Ces jeunes de la «Generation Z», pour beaucoup urbains, éduqués et connectés, réclamaient le retrait d'une loi budgétaire controversée ainsi que le départ du président Ruto, élu en 2022 sur la promesse de défendre les plus démunis après des années de difficultés économiques. «Le gouvernement devrait être responsable. Les jeunes manifestent pour beaucoup de choses comme l'accès à la santé», affirme lundi Rogers Onsomu, un boda-boda de 32 ans venu pour travailler. «Ce que (Ruto) a promis au pays, il ne le délivre pas. Ce slogan de 'Ruto doit partir' nous ne le lâcherons pas, nous le ferons vivre chaque jour», ajoute-t-il cependant.

Les violences policières entachent l'image du Kenya, pays d'Afrique de l'Est d'environ 55 millions d'habitants, considéré comme l'un des rares Etats stables et démocratiques dans une région troublée. Les organisations de défense des droits humains, notamment Human Rights Watch (HRW) et Amnesty, ont critiqué la réponse des autorités, tandis que les Nations unies ont déploré les violences, appelant au calme et à l'ouverture d'enquêtes «indépendantes et transparentes».

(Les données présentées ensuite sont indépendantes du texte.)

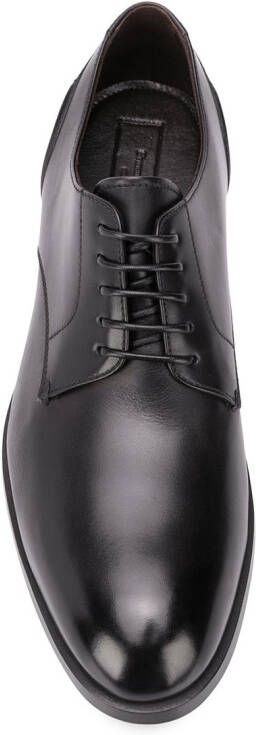 Zegna stitched-panel Derby shoes Black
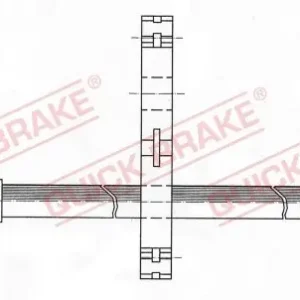 Przewód hamulcowy elastyczny QUICK BRAKE 32.964 Tylko do końca tygodnia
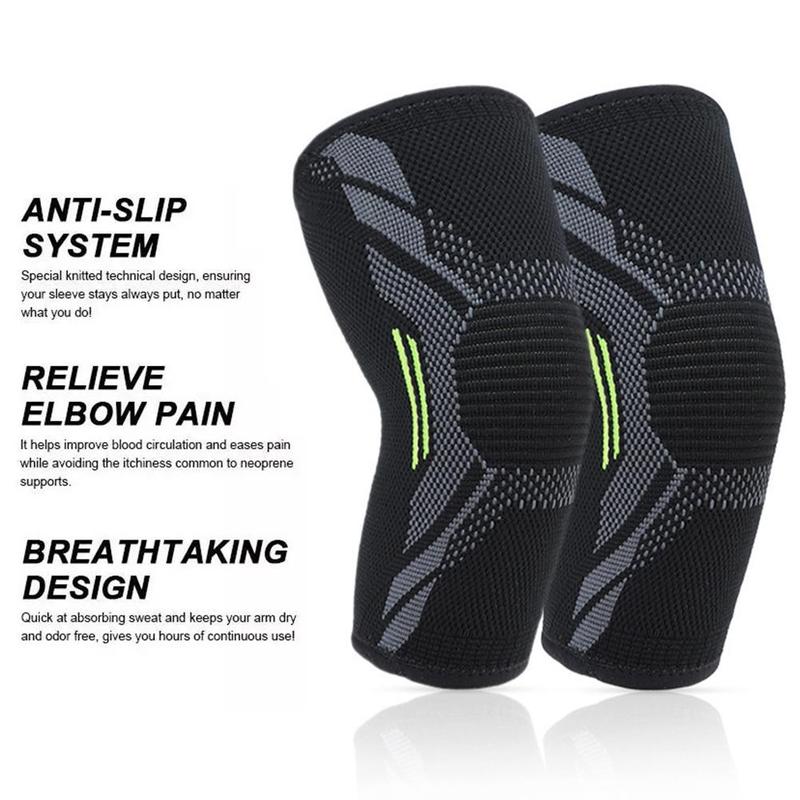 1pc Elbow Support Sports Elbow Pad Elastic Sport Elbow Protective Brace Sport Sweatproof Arm Sleeve Elbow Brace For Men Women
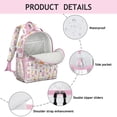thumbnail image 4 of Colorful Princess Castle Pattern Backpack for School,Cute School Bag,Schoolbag with Adjustable Shoulder Straps & Padded Back,15.25"x11.5"x5.25", 4 of 5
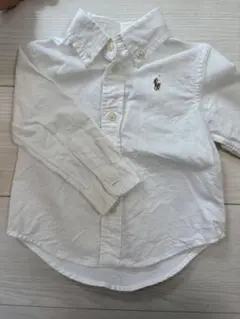 Ralph Lauren ホワイト 長袖シャツ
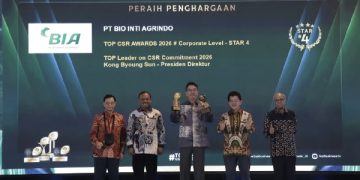 PT Bio Inti Agrindo Raih Dua Penghargaan Bergengsi di TOP CSR Awards 2026, Bukti Komitmen Keberlanjutan yang Terintegrasi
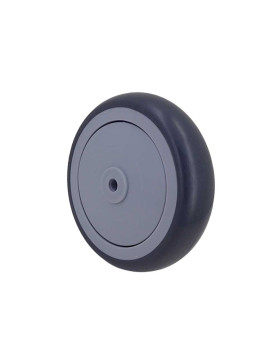 ROUE CAOUTCHOUC SILENCIEUSE ROULEMENT À BILLES DIAMÈTRE 100 MM CHARGE 100 KG AXE 8 MM - GALET GRIS CHU 125/32 LM 40 RB 8
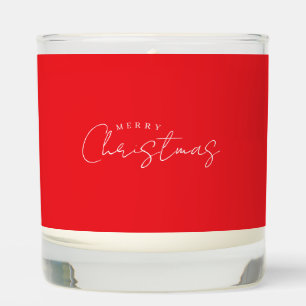 Happy Holidays Christmas New Year Season Red Scented Candle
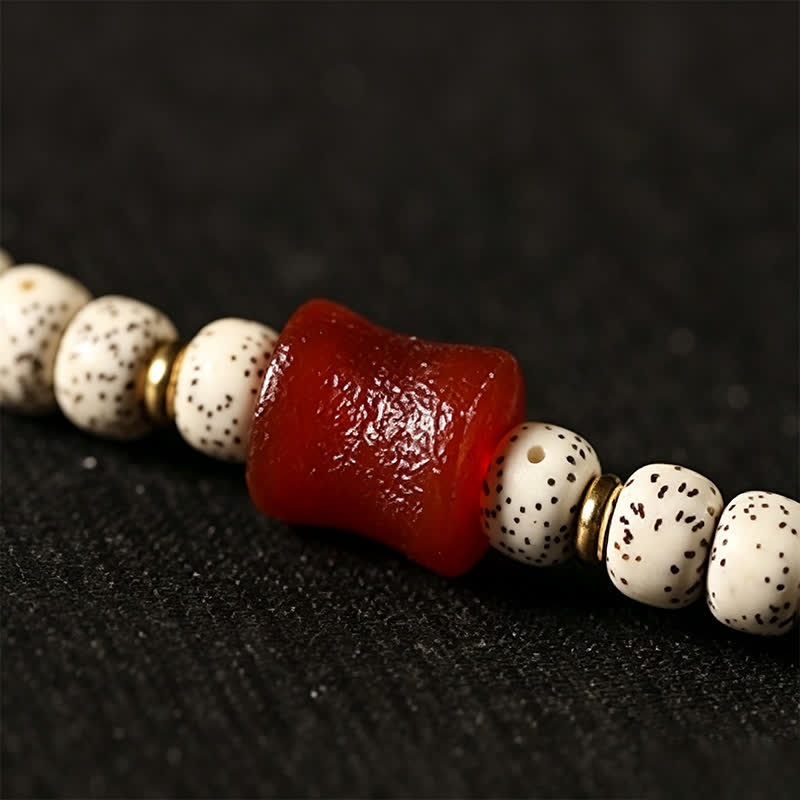 Buddha Stones Stern-Mond-Bodhi-Samen-Dzi-Perlen-Weisheits-Handgewebte tibetische 108-Perlen-Mala - image 10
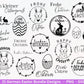 Deutsche Ostern Plotterdatei Bundle svg - Ostern Designs deutsch - Ostern Cricut Silhouette - Ostern Schriftzüge - Digistamp Frohe Ostern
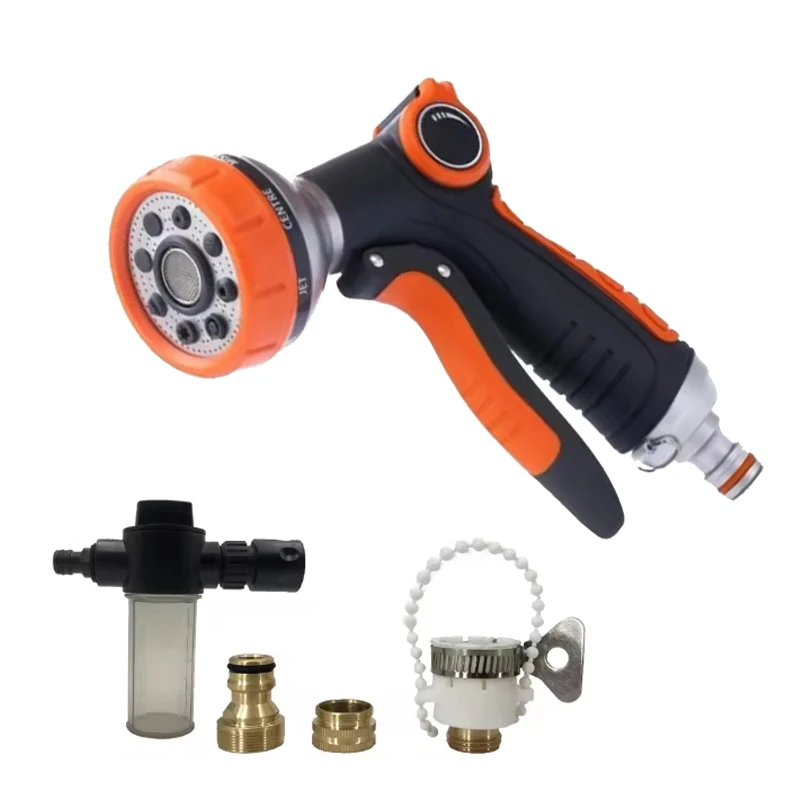 NEW Hose Water Spray Gun Adjustable Car Wash Hose Garden Spray Portable High Pressure Gun Sprinkler Nozzle 8 Pattern Water Jet ﻿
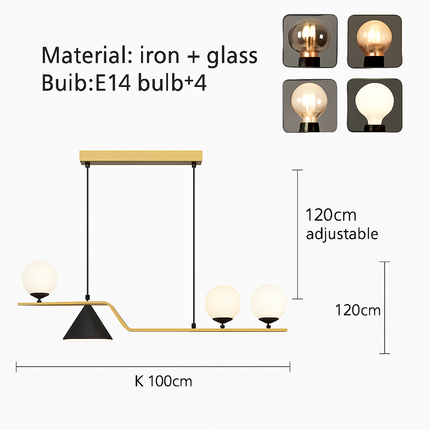 Lustre en verre moderne pour restaurant et bar — LZ4X9Q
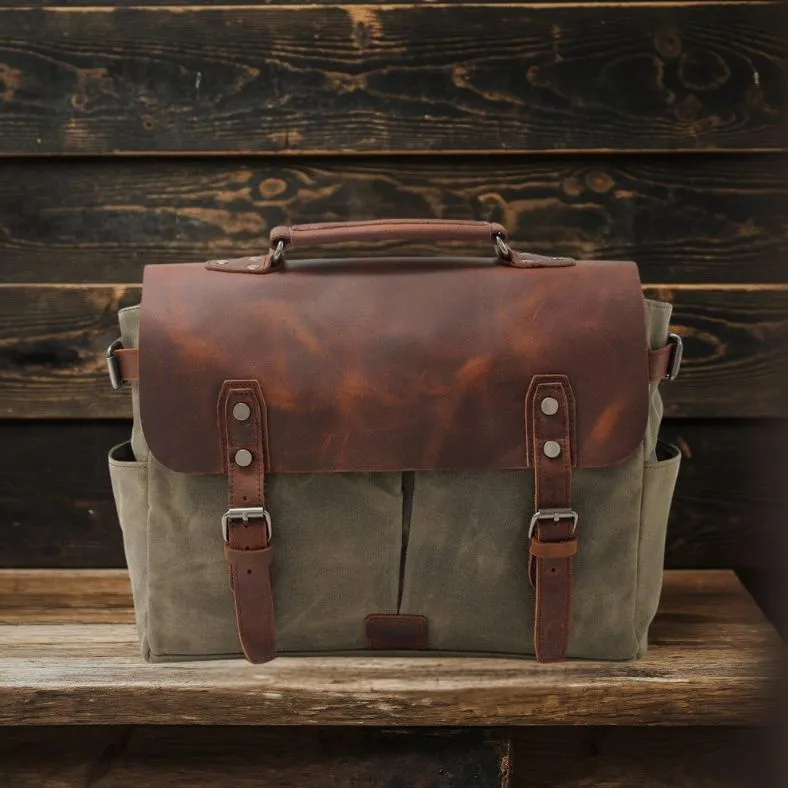 Efficient operation Canvas Crossbody PETERSBURG On-budget Messenger Bag |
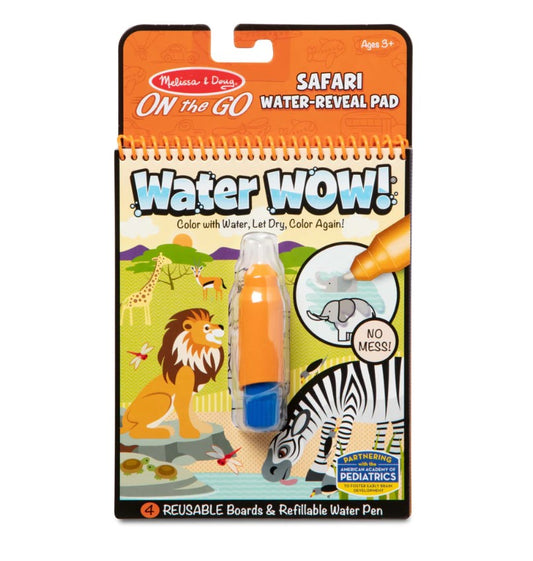 Water Wow! - Safari Water Reveal Pad - On the Go Travel Activity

Dimanche, un gang armé a attaqué le siège de la Commission kényane des droits humains, où se tenait une conférence de presse appelant à la fin des brutalités policières. Pour l'analyste Gabrielle Lynch, spécialiste de l'Afrique à l'université britannique de Warwick, la réponse étatique rappelle celle de l'époque de Saba Saba. Le pouvoir avait alors arrêté plus de 1000 personnes, détenues pour certaines pendant deux ans, selon Amnesty International. «Mais nous ne sommes plus dans les années 1990», pointe Mme Lynch. «Ils ne semblent pas avoir compris que le monde avait changé».